This process can reduce the production of a web site from months or weeks to a few hours. If there is time later, graphics and additional styling can be added using CSS to enhance the look of the site.

Examples of quick sites:

However, an electronic book is not identical to a paper book and attempting to create a close facsimile can produce a poor result.

ANU E Press: e-books

The ANU E Press provides an example of the the book metaphor with titles such as "Out of the Ashes" in print, PDF, HTML and Palm Reader format (for Palm PDAs):

AVAILABLE NOW

New Edition

Edited by James J Fox and Dionisio Babo Soares

304 pp
ISBN 0 9751229 0 8 (Online document)
ISBN 0 9751229 1 6 (Print version) $34.95 (GST inclusive)

Out of the Ashes is a collection of essays that examine the historical background to developments in East Timor and provide political analysis on the initial reconstruction stage in the country's transition to independence.The volume is divided into three thematic sections - background, assessment and reconstruction - bringing together the experiences and knowledge of academic researchers and key participants in the extraordinary events of 1999 and 2000. ...

From: Out of the Ashes: Deconstruction and Reconstruction of East Timor, ANU 10 December 2003, URL: http://epress.anu.edu.au/oota_citation.htm

The electronic editions are each available as one file and as separate chapters. All electronic versions retain the format of the printed book, including page numbers.
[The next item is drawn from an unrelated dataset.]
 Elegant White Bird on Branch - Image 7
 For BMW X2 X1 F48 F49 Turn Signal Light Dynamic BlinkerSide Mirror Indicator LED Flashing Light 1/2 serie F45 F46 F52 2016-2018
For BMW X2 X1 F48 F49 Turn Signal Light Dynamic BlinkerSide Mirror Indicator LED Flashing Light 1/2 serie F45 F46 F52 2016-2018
Chapter 3 East Timor: education and human resource development:

The PDF version of the document provides a good facsimile of a print document, including very legible tables. However this is of limited value for on screen reading.

Web and Wap 2

The HTML version of the document uses frames and lacks a workable non-frames option. On a non-frames device, such as a WAP 2 mobile telephone, all that is displayed is an error message:

"Unfortunately your browser does not support frames, please select the non-frames html.", WAP 2 display of "Out of the Ashes: Deconstruction and Reconstructio of East Timor", ANU 10 December 2003, URL: http://epress.anu.edu.au/oota/frames.php?page=3&chapters=h

If the HTML file which contains the text is manually selected, then the text will display. However, the left and right margins of the document waste screen space on a small screen:

From: Chapter 3, East Timor: education and human resource development, Gavin W. Jones URL: http://epress.anu.edu.au/oota/ch3.htm

Opera small screen viewer

The same HTML does display reasonably well on a small screen viewer, such as Opera:

Text from: Chapter 3, East Timor: education and human resource development, Gavin W. Jones URL: http://epress.anu.edu.au/oota/ch3.htm

But having been stored as a GIF image, the text of tables does not display legibly:

Table from: Chapter 3, East Timor: education and human resource development, Gavin W. Jones URL: http://epress.anu.edu.au/oota/ch3.htm

Palm Reader Version

The tables are more legible in the Palm Reader version:

Rather than providing the reader with useful choices, these versions create a maintenance problem with multiple electronic versions of each book. The one-file PDF version of the book is 20 mb and so too large to be practical for on-line use. The e-book versions provide few benefits over the HTML version. The HTML version does not comply with accessibility guidelines for the disabled.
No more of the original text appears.